L’appréhension l’étreignait et à défaut de parle, c’est par un hochement de tête qu’elle répondait. Après un instant, Xenia se dirigeait vers la chaise qui lui était désignée. Elle n’était guère confortable alors qu’elle s’appuyait contre le dossier quelque peu tournée sur le côté. Ensuite la Chiss croisait les jambes, l’étui du blaster bien en évidence et une main restant apposée dessus. Après tout ne s’agissait-il pas d’une sorte d’entretien ? Sans doute vu le ton employé par l’administratrice Celes.

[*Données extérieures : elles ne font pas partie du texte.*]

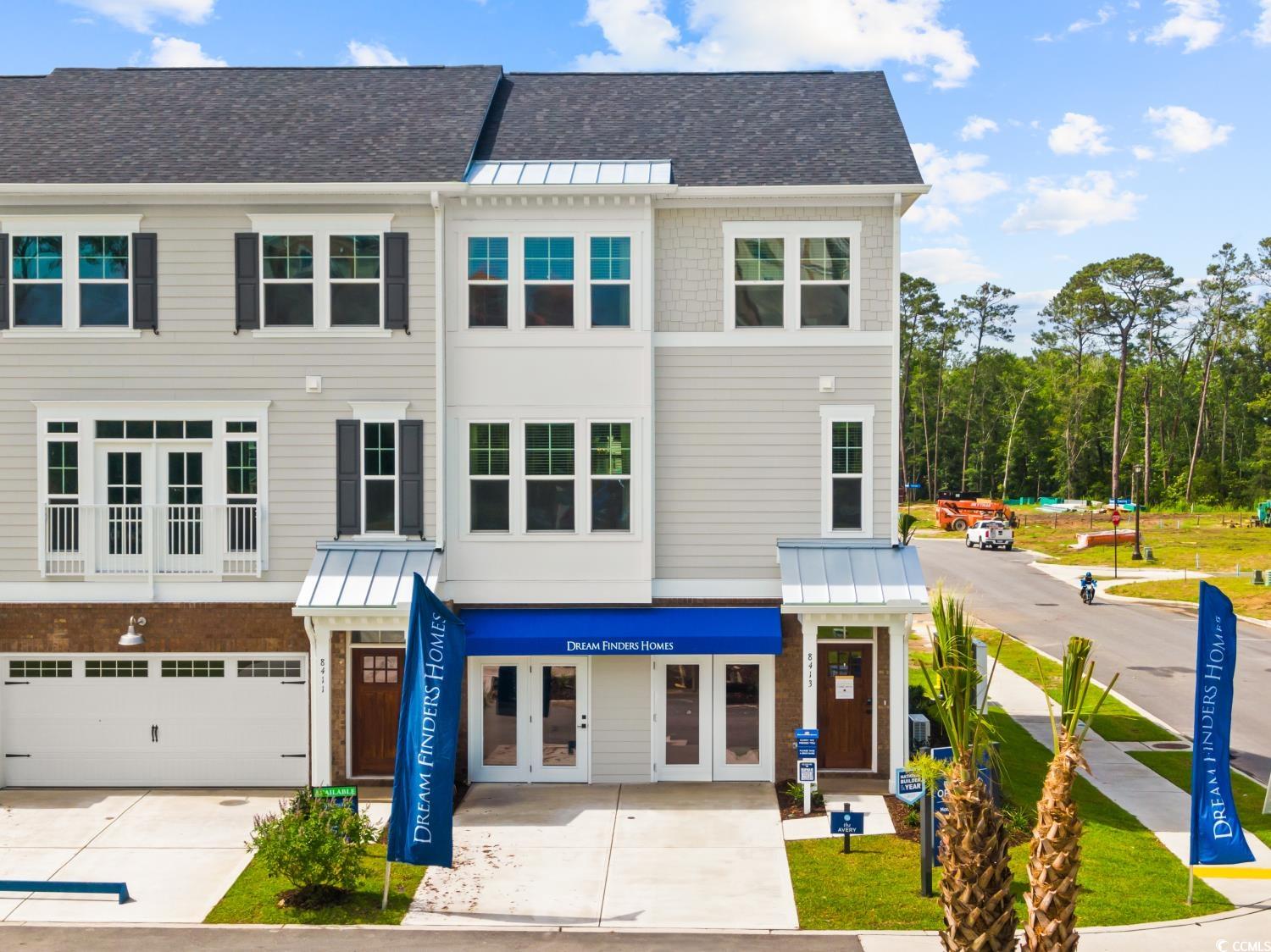 8465 Waltzing Waves Ct. Property Photo 2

L’amiral Hart, celui l’ayant contacté et organisé la rencontre, restait silencieux. Approuvant ainsi les propos tenus par l’Echanie. Cette dernière était en charge d’enquêter sur les désordres sur les routes hyperspatiales entre la République et l’Espace Hutt. Et plus précisément au niveau de Saleucami. Et elle prétendait ne pas savoir où la pirate résidait ? Surtout après avoir évoqué son dossier…

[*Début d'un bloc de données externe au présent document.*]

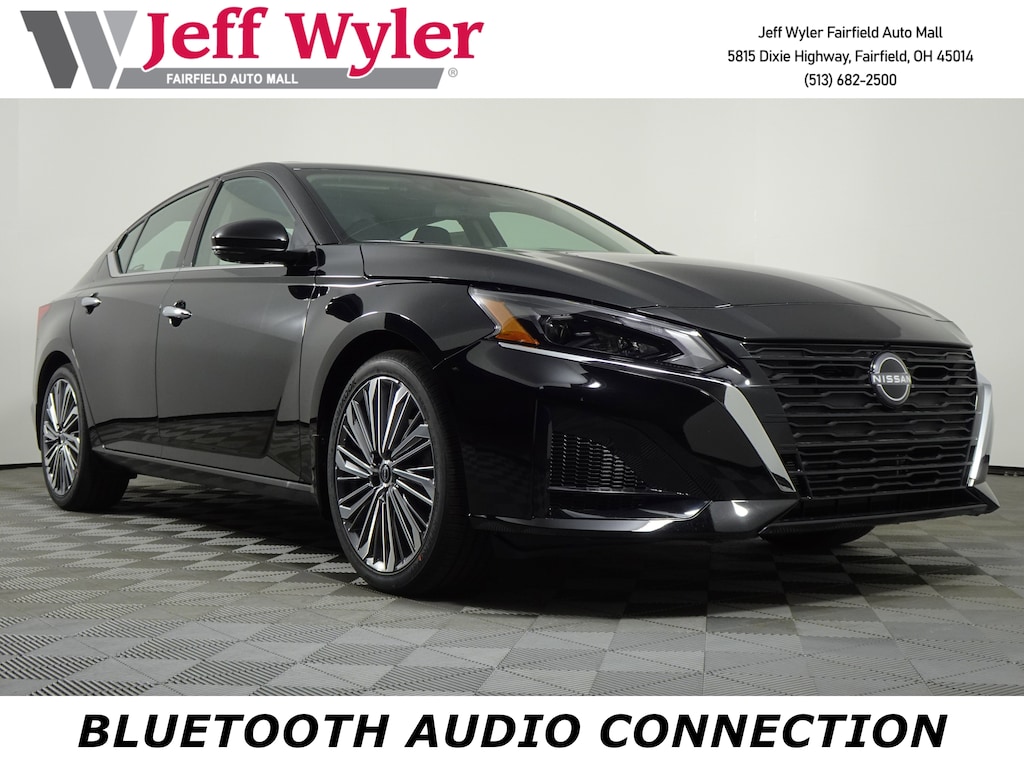 Used 2025 Nissan Altima SL FWD Sedan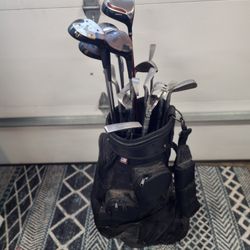 *** SET OF GOLF CLUBS ***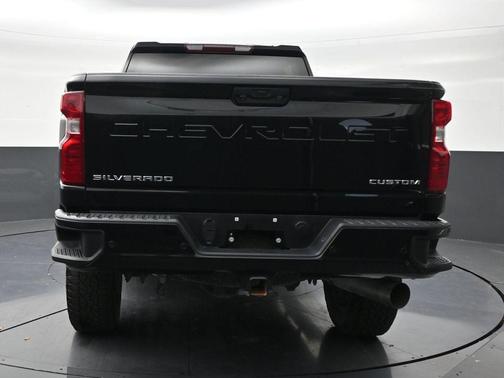Black 2025 Chevrolet Silverado 2500 Custom
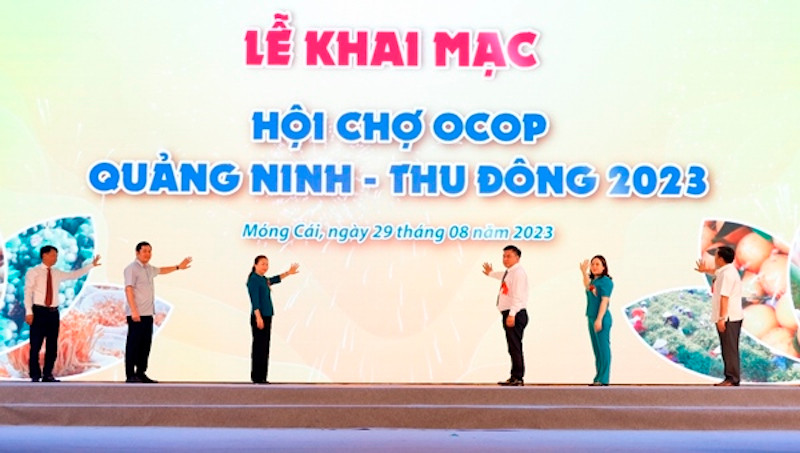 Các đại biểu nhấn nút Khai mạc Hội chợ OCOP Quảng Ninh - Thu Đông 2023.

*Tu parles… Ils savent parfaitement où tu es.*

Même si dans la foulée l’administratrice s’empressait de la rassurer en l’informant que sur les actes de pirateries qui avaient attirés son attention, la Chiss n’était impliquée dans aucun. La pirate en doutait. Elle imaginait sans mal l’administratrice faire son choix face aux différents rapports d’attaques pour ne choisir, soigneusement, que ceux qui l’excluaient.  En plus d’ajouter de n’avoir aucun lien avec les responsables désignés par l’Echanie. Xenia pille les vaisseaux les plus intéressants et peut importe sous quel pavillon ils naviguent puisqu’elle préfère éviter les témoins trop gênants. Quelque part c’était rassurant de savoir qu’elle pourra quitter ce vaisseau debout. Mais le but de cette rencontre venait de lui être pleinement dévoilé. Ils voulaient qu’elle œuvre pour eux, la recruter.

-Je suis encline à vous écouter. Après tout, je suis bien là devant vous, non ?  

C’était toujours l’appréhension que la pirate éprouvait encore qui parlait. Le fait de parler, de dire qu’elle était encore là, vivante, la rassurait encore un peu. L’administratrice Celes marquait un point cependant. Ce n’était pas courant que la République veuille traiter avec des gens comme la Chiss. Mais la pirate avait bien conscience que la situation actuelle n’était pas commune. Il y avait des histoires provenant du Noyau comme quoi un sénateur se serait fait assassiner. De ce côté-ci de la galaxie les tensions entre la République et l’Espace Hutt restent vivaces. Ce qui avait poussé Xenia à s’engager dans les forces de Commenor et les forces spatiales de la République. Elle voulait voir de la galaxie et voir aussi de l’action. Etre montée à bord de ce vaisseau, revoir cette rigueur toute militaire et ces soldats en uniforme lui rappelait à quel point elle s’était sentie fière la première fois qu’elle avait étreint son uniforme paré de ses galons de lieutenant. Elle ignorait ce qu’il y avait dans son dossier mais c’est peut être pour ça qu’ils voulaient lui parler et lui faire son offre. Sa période militaire était loin dorénavant. Et maintenant il y a ces guerriers étranges, les Mandaloriens, qui s’en mêlent. Et en plus de ça, il fallait ajouter la présence d’êtres étranges, des Jedi plus… sombres. Mais ce dernier point, elle allait le garder pour elle-même.

Xenia ignorait encore ce que les républicains lui voulaient. Ce qu’ils allaient lui proposer. Mais elle aussi avait des ambitions. Et la République pourrait être un atout, une aide, un tremplin. Mieux encore, ses ambitions pouvaient aussi aller dans le sens des intérêts de ce géant impotent... Si la récompense, au final, était à la hauteur de l’appétit de la Chiss. Les Kajidics pouvaient aussi se montrer généreux, mais Xenia n'est pas une Hutt et jamais elle ne pourrait s'asseoir autour de la table. La République semblait être la seule alternative raisonnable.